Ad ascoltare le parole di un avvocato quarantenne scappato in Svizzera dall’Iran di Khomeini tre anni dopo la rivoluzione del 1979, è quasi da non credere. Perché, quell’immenso tesoro che custodisce i capolavori dei più importanti artisti internazionali del Novecento, da Picasso, a Monet, Van Gogh, Munch, Mirò, Dalì, Kandinsky, Warhol è rimasto sepolto per quasi quarant’anni, in un archivio nei sotterranei del TMoCA, il museo di arte contemporanea di Teheran.
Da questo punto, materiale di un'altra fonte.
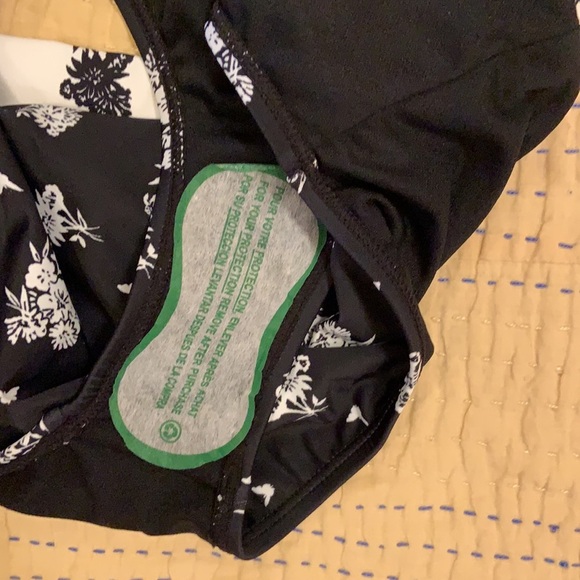 22. Black and White Bikini Bottom - Picture 9 of 9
Si tratta della più importante collezione di arte occidentale in Asia che oggi vale tra i tre e i cinque miliardi di dollari. Quelle centinaia di opere sono un fardello troppo grande da sopportare, dal momento che rappresentano l’ambizione irrefrenabile del ricchissimo Scià di Persia e della sua terza moglie, Farah Diba, la donna di vent’anni più giovane madre dei suoi quattro figli. Dietro quell’opulenza si nasconde infatti la debolezza, neanche troppo inconsapevole, di scimmiottare gli Stati Uniti perfino sul profilo culturale. I detrattori della coppia imperiale non hanno mai risparmiato le critiche per il lusso ostentato anche durante gli incontri con il presidente Kennedy e la moglie Jackie. Meglio mettere tutto sotto chiave, in attesa di tempi migliori e trasformare l’edificio che per le forme rievoca il Guggenheim di New York disegnato Kamran Diba, cugino di Farah Diba, in un memoriale dedicato ai martiri della rivoluzione e della guerra Iran-Irak. Meglio dimenticare gli anni in cui Teheran era una città aperta, dove soggiornavano artisti come Andy Warhol che realizzò il celebre ritratto di Farah Diba, l’unica opera distrutta dai rivoluzionari. La preziosa collezione è stata esposta interamente solo tra il 1977 e il 1979 a Teheran. D’altronde come si potevano lasciare sotto gli occhi del pubblico capolavori così provocatori? Uno su tutti è il trittico di Francis Bacon Two figures lying on a bed with attendants che rappresenta due uomini nudi sul letto. L’opera è stata prestata una sola volta alla Tate Gallery di Londra nel 2003. Il giurista svizzero con i suoi racconti dell’epoca fornisce un altro elemento chiave per capire la storia di questa collezione: “Dopo la rivoluzione il Paese si è svuotato, gli stranieri sono scappati. Gli unici che hanno continuato a lavorare sono stati gli italiani”. Questa dichiarazione è il trait d’union con gli avvenimenti dei giorni nostri.

L’anno scorso infatti, la Fondazione MAXXI di Roma presieduta da Giovanna Melandri ha siglato un protocollo di intesa con il governo iraniano per avere in prestito trenta dei più importanti capolavori della collezione. Si tratta di un evento eccezionale, è la prima volta che un gruppo così corposo di opere viene esposto all’estero. Contestualmente, saranno mostrati anche trenta esemplari della stessa collezione realizzati dai protagonisti dell’arte moderna e contemporanea iraniana. La mostra avrà una prima tappa alla Gemäldegalerie di Berlino (4 dicembre 2016 – 5 marzo 2017) per poi approdare al MAXXI (31 marzo – 27 agosto 2017). Tra le opere da non perdere il No. 2 (Yellow Center) di Mark Rothko del 1954, che fa parte della serie “Color Field Painting”, i dipinti di grandi dimensioni realizzati dal maestro dell’astrattismo americano, e poi Le Peintre et son modèle del 1927 di Pablo Picasso, considerato tra i dipinti più importanti dell’artista spagnolo, e l’esotica Nature Morte à l’estampe japonaise del 1889 di Paul Gauguin. Il prezioso Histoire Naturelle del 1923 di Max Ernst, che riflette le influenze del movimento surrealista sull’artista tedesco, e due lavori di Andy Warhol: Suicide (Purle Jumping Man) del 1965 e American Indian Series del 1976. Tensions Claires di Wassily Kandinsky del 1937, insieme a due opere di Francis Bacon: oltre a Two Figures Lying on a Bed with Attendants, la grande tela Reclining Man with Sculptures. Infine, l’importante Mural on Indian Red Ground di Jackson Pollock. Farah Diba amava anche gli artisti italiani, e insieme a una scultura di Arnaldo Pomodoro aveva in collezione uno dei famosi specchi di Michelangelo Pistoletto, Green Curtain del 1967.